Muy pocas veces he dejado un libro a la mitad, abandonado a su monólogo y a esas hormigas de la descomposición (como las vería Dalí) en que se convierten las letras para comerse las vetas de mediocridad del autor. No, me digo, hay respeto para cada palabra, aunque cueste horas pasar de ellas porque palabra mala es idea mala e idea mala es un monolito insufrible que me devuelve al mono de las galaxias.

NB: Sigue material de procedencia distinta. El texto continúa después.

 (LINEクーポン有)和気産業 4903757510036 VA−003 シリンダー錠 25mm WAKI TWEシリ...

A leguas se reconoce a un escritor académico o que pretende pasar la clase de su facultad de letras, es más, a leguas se nota que el escritor a tiempo real está haciendo un examen dirigido a su profesor de literatura. Mejor más profundo aún: el alumno está siguiendo el dictado de su profesor de literatura, un soso ciudadano de la imaginación que necesita amanuense para descargar su difícil programa mental a un libro publicado.

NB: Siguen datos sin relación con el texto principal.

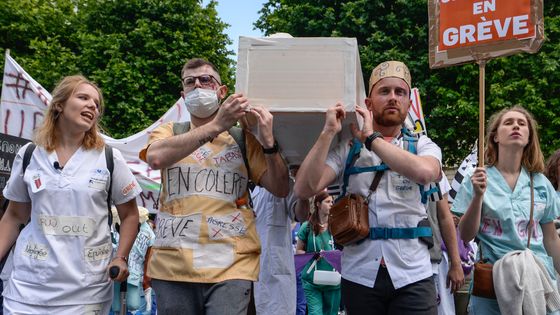 Manifestations de personnels des urgences hospitalières le 6 juin 2019 à Paris ©AFP - CRÉDITAURORE MESENGE /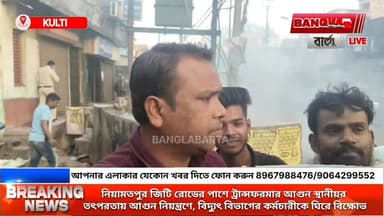 নিয়ামতপুর জি টি রোডের পাশে ট্রান্সফরমারে আগুন স্থানীয়দের সহায়তায় আগুন নিয়ন্ত্রণে। বিদ্যুৎ বিভাগের কর্মচারীদের ঘিরে ...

Generalmente, esta relación amanuense-soso, se encubre tras una serie de mordacidades extra literarias que van haciendo club y luego línea de facultad. En esto va entrando en juego lo que el profesor exige que se escriba para luego, una vez publicado el documento, sea vendido en el circuito cerrado de su clase y de ahí en adelante, sólo queda la hoguera del desprecio. Es toda una cadena de montaje, sin duda, el profesor de literatura realmente está harto de no tener imaginación, lo suyo es la literhartura, y su uniforme es fascio y ha podido servir, al pie de la letra, a cualquier mandato de cualquier dictadura. Los dictadores comienzan por estos mediocres inflados por la academia, y sus amanuenses son los pilares de su fe en los libros. Los dictadores, claro que sí, DICTAN.